We can see the return to identity as a process of redefining oneself and finding one’s own history and herstory. All kinds of encounters with other people open up space and opportunities for us to re-interpret our own Self. And that is what Adam Ringer does. As he says, he has done at least two wise things in his life: 1. he left Poland in 1968, and 2. he returned 26 years later. Returns to culture and religion, to the roots of your relatives, were explored by Michael Schudrich, the Chief Rabbi of Poland. His ancestors came from historical Galicia, in today’s territory of Poland. Nowadays, he himself contributes to the further revival of Jewish life in Poland, to the ‘return’ of that life to the Country upon the Vistula.

“The never-ending process of identity construction”

The “Returns” exhibition portrays five male and five female protagonists talking about their Jewish identity and their relationship with Poland. What do such people have in common, what have their life paths looked like, how do they form (and experience) their identity here and now in Poland, but also in the contemporary globalized world? The heroes and heroines of our exhibition show that it is ‘a never-ending process of identity construction’ about which Katka Reszke, a documentary film-maker and cultural expert, writes in her book “Return of the Jew: Identity Narratives of the Third Post-Holocaust Generation of Jews in Poland” (2013).

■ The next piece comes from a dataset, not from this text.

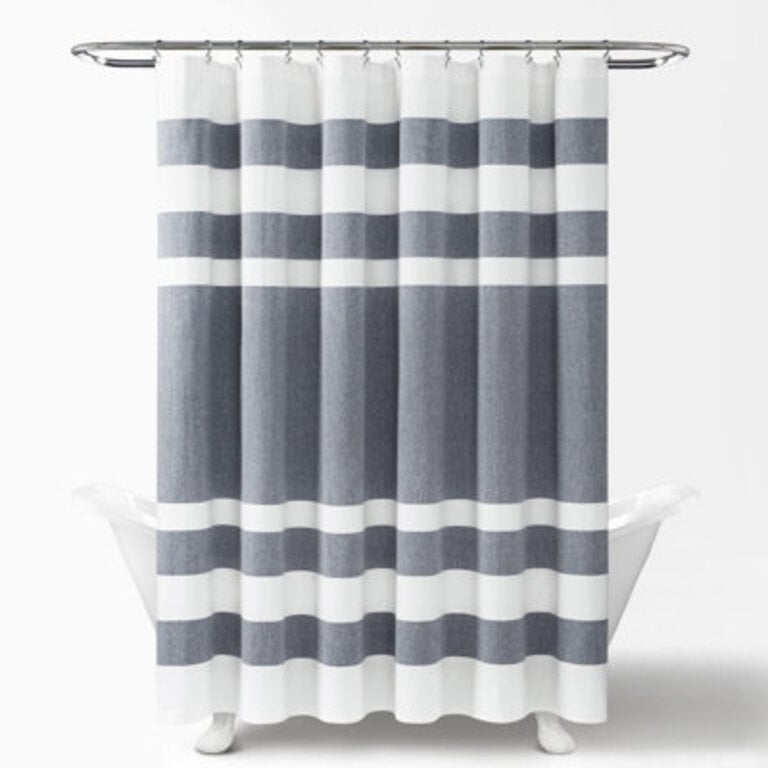 Cape Cod Stripe Cotton Striped Shower Curtain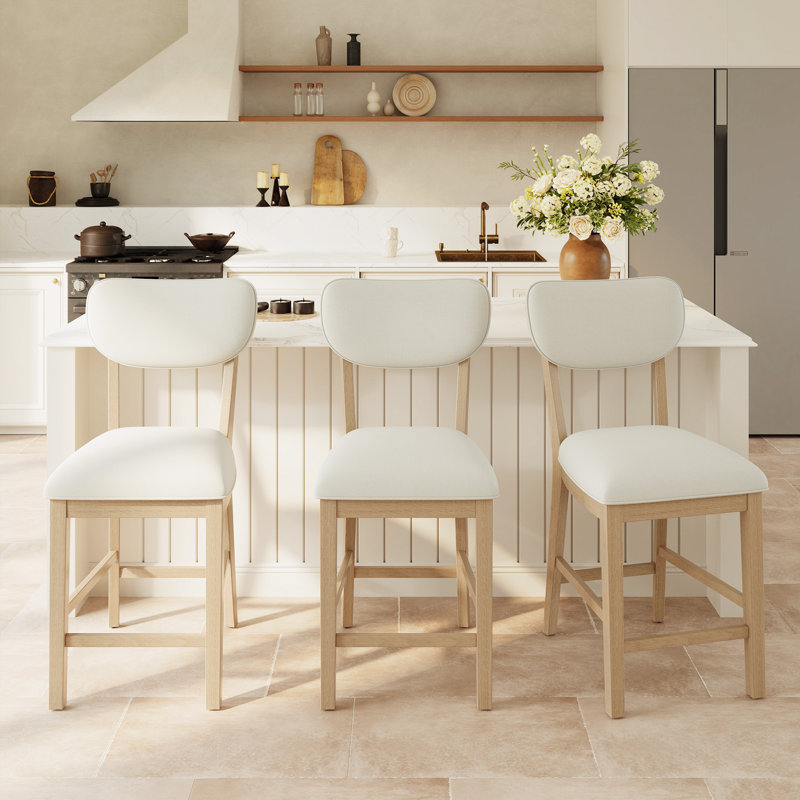 Tabouret de bar rembourré en bois massif, Naturel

Helena Czernek, another figure in our exhibition, a designer and artist, has created a collection entitled “Broken Dishes”. Putting and gluing together broken bowls and plates so that they are ready for another, different use is a beautiful metaphor for looking at identity. What was once destroyed can become the basis of a new, different life and/or a kind of dialogue between one culture and another, between the past and future. It is all up to us.

The gathered conversations are presented in the form of in-depth interviews-portraits written by Jan Opielka, a journalist and columnist. The texts are accompanied by black and white photographs by Marcin Oliv Soto, a photographer and artist. The videos recorded and edited by Katarzyna Hordowicz, a camera operator, show ten protagonists. The life of modern nomads happens in migration, movement, therefore, we are not defined by the borders of countries and cities. Perhaps the common thread is looking for a new relationship with the place and people we come from, as well as being open in seeing and reading ourselves in the modern world. We want to encourage the visitors to freely discuss and learn about the unique experiences of belonging. Including their own.